Du gaz hilarant… sans gaz hilarant

Pour le moment, bien que j’esquisse parfois un léger rictus, je me force à ricaner. Malgré cela, au bout de dix minutes, je commence déjà à sentir mes abdos (qui ne sont pas souvent stimulés). Et je comprends l’utilité de l’échauffement de la mâchoire. J’en viens à me demander si je me marre assez souvent au quotidien pour avoir mal en si peu de temps. Et c’est après ces dix minutes d’exercice, à l’instant où je pose mes mains sur les épaules de Marie-Hélène, jeune retraitée au carré châtain et aux habits chics, qui imite joyeusement un cheval (comme moi trente secondes plus tôt), que je baisse la garde et rie pour de bon. La situation me semble tellement absurde que je ne peux que lâcher prise. Et ça fait du bien.

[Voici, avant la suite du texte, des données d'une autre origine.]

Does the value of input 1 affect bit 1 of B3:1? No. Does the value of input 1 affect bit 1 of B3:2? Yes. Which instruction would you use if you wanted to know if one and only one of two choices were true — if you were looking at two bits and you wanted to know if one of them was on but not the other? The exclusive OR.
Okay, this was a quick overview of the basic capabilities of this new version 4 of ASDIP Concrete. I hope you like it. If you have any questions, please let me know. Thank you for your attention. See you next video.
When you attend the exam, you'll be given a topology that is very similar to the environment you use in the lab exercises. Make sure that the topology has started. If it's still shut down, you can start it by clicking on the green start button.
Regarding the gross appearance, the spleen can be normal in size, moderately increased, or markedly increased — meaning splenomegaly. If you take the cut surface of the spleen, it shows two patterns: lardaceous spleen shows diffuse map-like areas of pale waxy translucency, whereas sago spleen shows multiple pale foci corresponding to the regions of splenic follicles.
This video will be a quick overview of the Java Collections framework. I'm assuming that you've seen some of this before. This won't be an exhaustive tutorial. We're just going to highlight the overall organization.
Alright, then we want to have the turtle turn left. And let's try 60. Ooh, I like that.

D’ordinaire, ma façon de rigoler est qualifiée de peu discrète (voire de franchement bruyante). Ici, je suis ici dans mon élément. Hervé rit à gorge déployée. Fanny le fait de manière très franche, en hochant les épaules. On dirait un personnage de dessin animé. Quand je nous vois, tous les sept, hilares, à courir dans tous les sens, j’ai l’impression que nous venons de prendre du protoxyde d’azote. Sauf que contrairement au gaz hilarant, le rire n’a pas d’effet néfaste.

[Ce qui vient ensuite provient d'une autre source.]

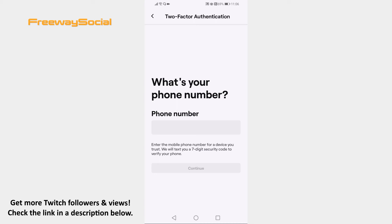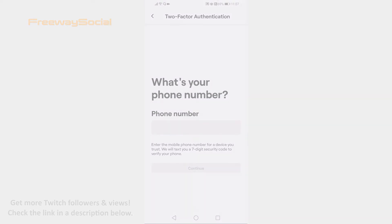Done! That's it for this video. I hope this guide was helpful and you were able to make your profile more secure on Twitch app. Don't forget to like this video and visit us at FreewaySocial.com.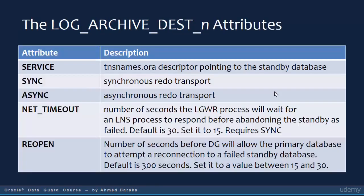The most important attributes in the LOG_ARCHIVE_DEST parameter used to configure Data Guard are as follows. The first attribute is SERVICE, which is used to point to the standby database — it tells the primary database to which standby database it should connect. You configure the descriptor in the tnsnames.ora. SYNC and ASYNC are mutually exclusive — you use either sync or async, but not both together.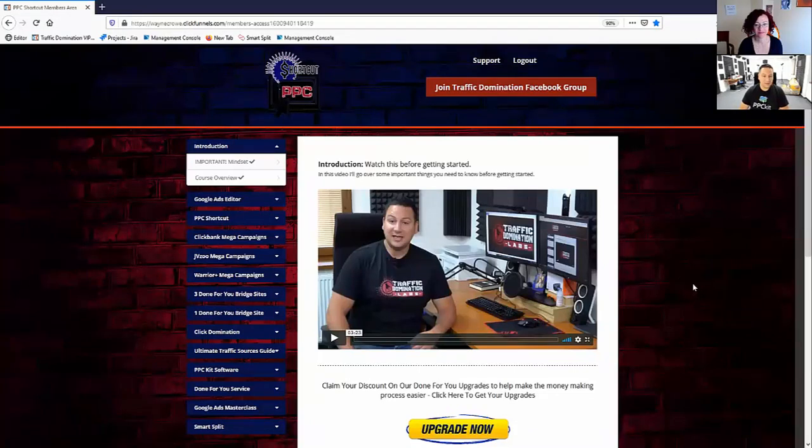Okay. Okay, good. So how many campaigns are in the front-end offer? And is that the same amount of bridge pages that you have in the upgrade? Yes. Let me, can I just share my screen? I'll just show you around. Let me do that. Let me just share that screen. Cool. So this is the PPC shortcut members area.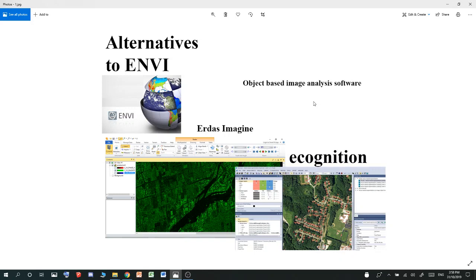Houses are typically surrounded by trees, and therefore it will define all the other houses in the same group called house. That's what object-based image analysis is good for.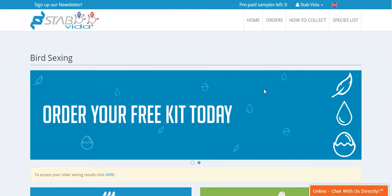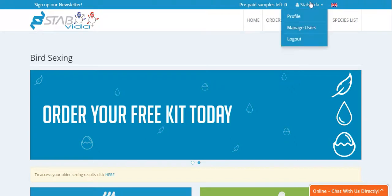How to add a user to your account. If you want to add another user to your account, go to manage users in your profile in the right top corner.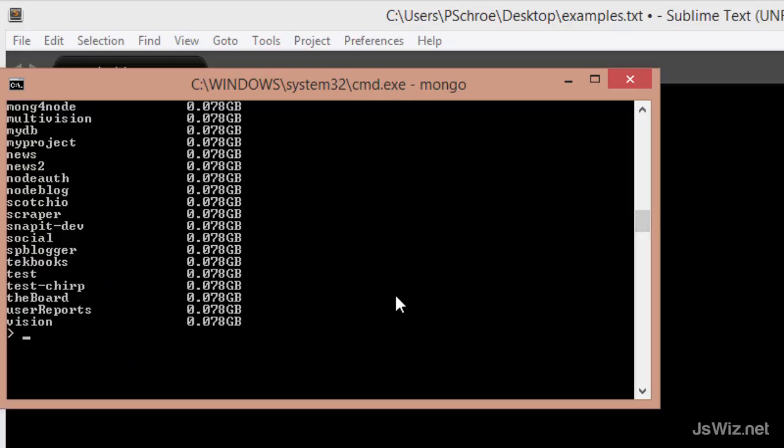I can choose to use any one of these databases by using the use flag, and I can also create a new database by using this use flag and then naming it whatever I want. I've already created a database instance called test. So let's go ahead and use that one.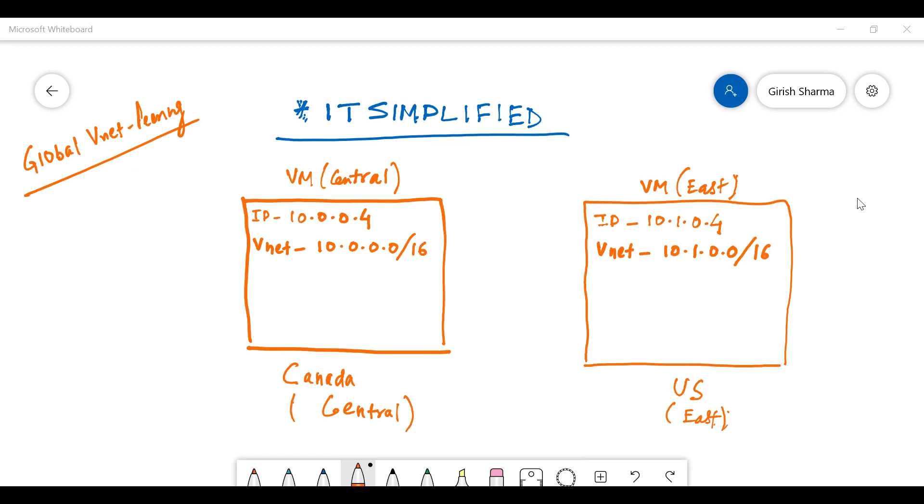In today's session, I'm here to talk about global VNet peering. If you've been following, in the last video I showed you how you can do VNet peering within one region. This is just a follow-up to that video in which we'll be configuring VNet peering between two different regions.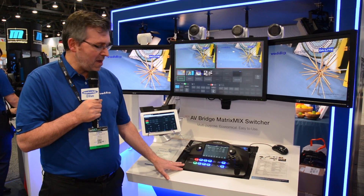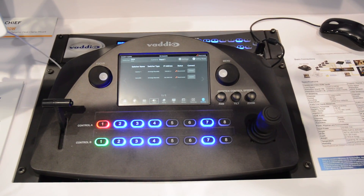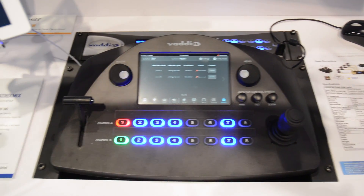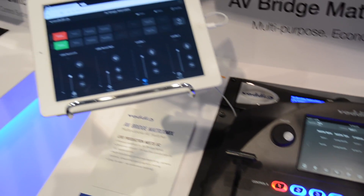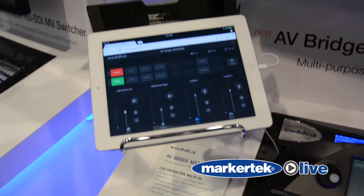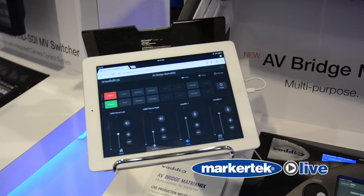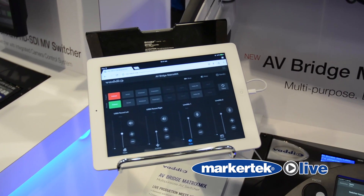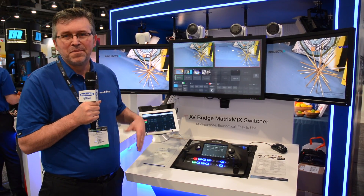One is a console that has full switching, graphic layer, T-bar control, and integrated camera control. You can use an iPad to control the video switching, or you can use our touch panel.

Diminuer le stress, créer du lien et soulager la douleur

« Les bienfaits du rire sont nombreux. Il libère les endorphines, soulage la douleur, améliore le sommeil, diminue le stress, crée du lien avec les autres et stimule la confiance en soi », promet Fanny Pioffret. Et ce n’est pas ses élèves qui diront le contraire. Mathilde me confie que, pendant le confinement, elle avait besoin de se remonter le moral. En quête d’un moment de joie, elle tape « vidéos drôles » sur Google et tombe sur une séance de yoga du rire. « Je me suis d’abord demandé “qu’est-ce que c’est que ce truc ?” ». Mais très vite, elle attrape le virus. Elle vient tous les mercredis depuis deux ans. « Je trouve ça génial de voir des gens qui rient. Ça fait tellement de bien. » Marie-Hélène abonde. « Pourquoi le rire serait seulement réservé aux enfants ? »

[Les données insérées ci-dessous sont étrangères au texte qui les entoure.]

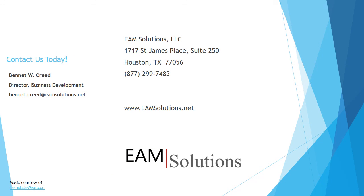Thank you for your time today to review this short topic in Infor EAM. If you'd like more information or a site discovery visit, please contact us at sales at eamsolutions.net. We look forward to helping you get the most from Infor EAM.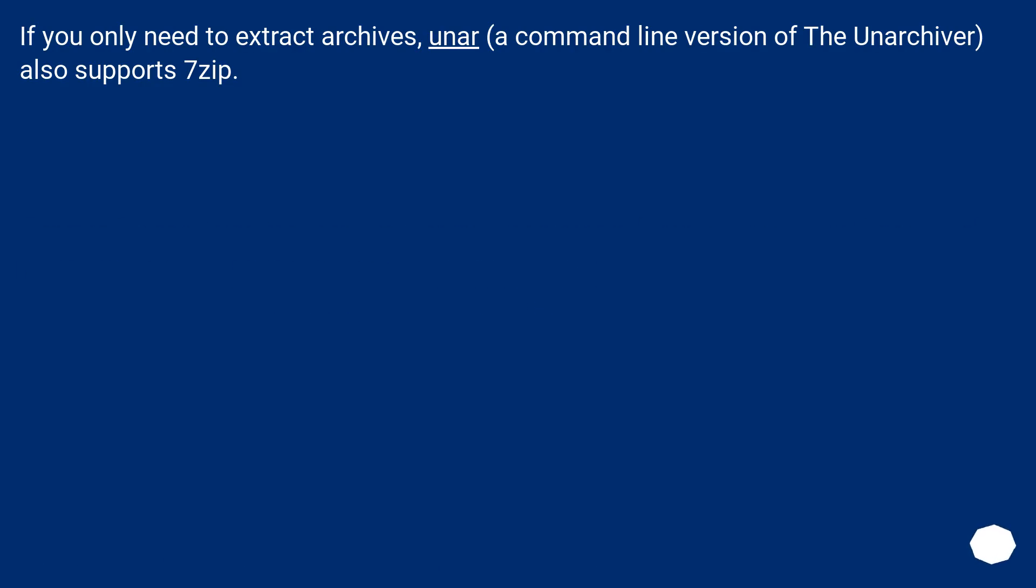If you only need to extract archives, unar, a command line version of The Unarchiver, also supports 7zip.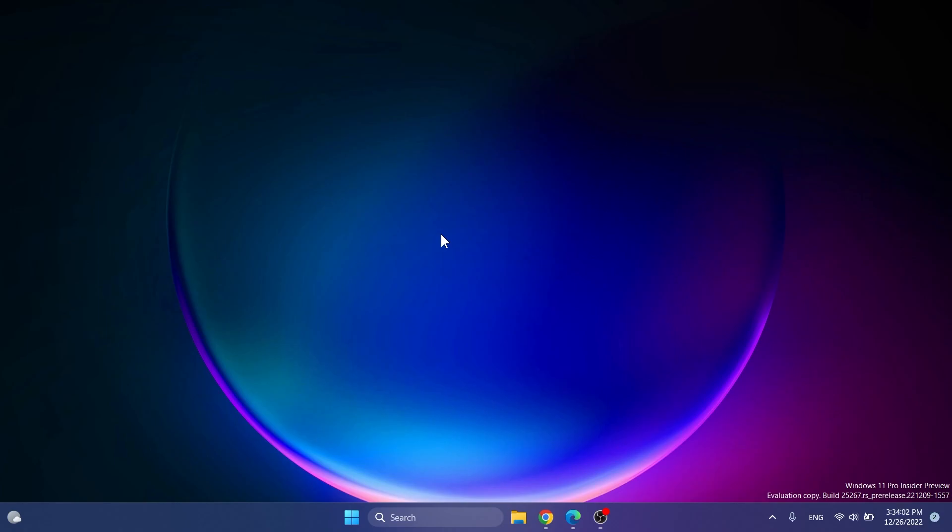We can talk about different Windows 11 tips and tricks or hidden features that you can enable and features that can improve your daily use of Windows 11.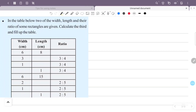In the table below, two of the three values — width, length, and ratio — are given for some rectangles. We need to find the third value and fill up the table, calculating from the given width and length.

C’est l’heure de la troisième partie : la méditation du rire. Chacun prend un tapis, une serviette ou un grand paréo et s’allonge sur le parquet, pour se laisser aller. Et pour me laisser aller, je me laisse aller. Je ne peux plus m’arrêter de rire. Dès que j’essaie de prendre ma respiration, j’entends le petit rire de Fanny, à gauche… et ça repart. L’impression d’avoir 10 ans, de participer à une pyjama party où il ne faut pas faire de bruit car les parents dorment à côté. Sauf que là, on a le droit de pouffer. C’est même le but. Alors je retire la main devant ma bouche et là… c’est le drame. Je laisse sortir mon rire le plus franc : celui du cochon. Parce que ce bruit délicat est un vrai sérum de vérité, on peut dire que je me suis bien marrée.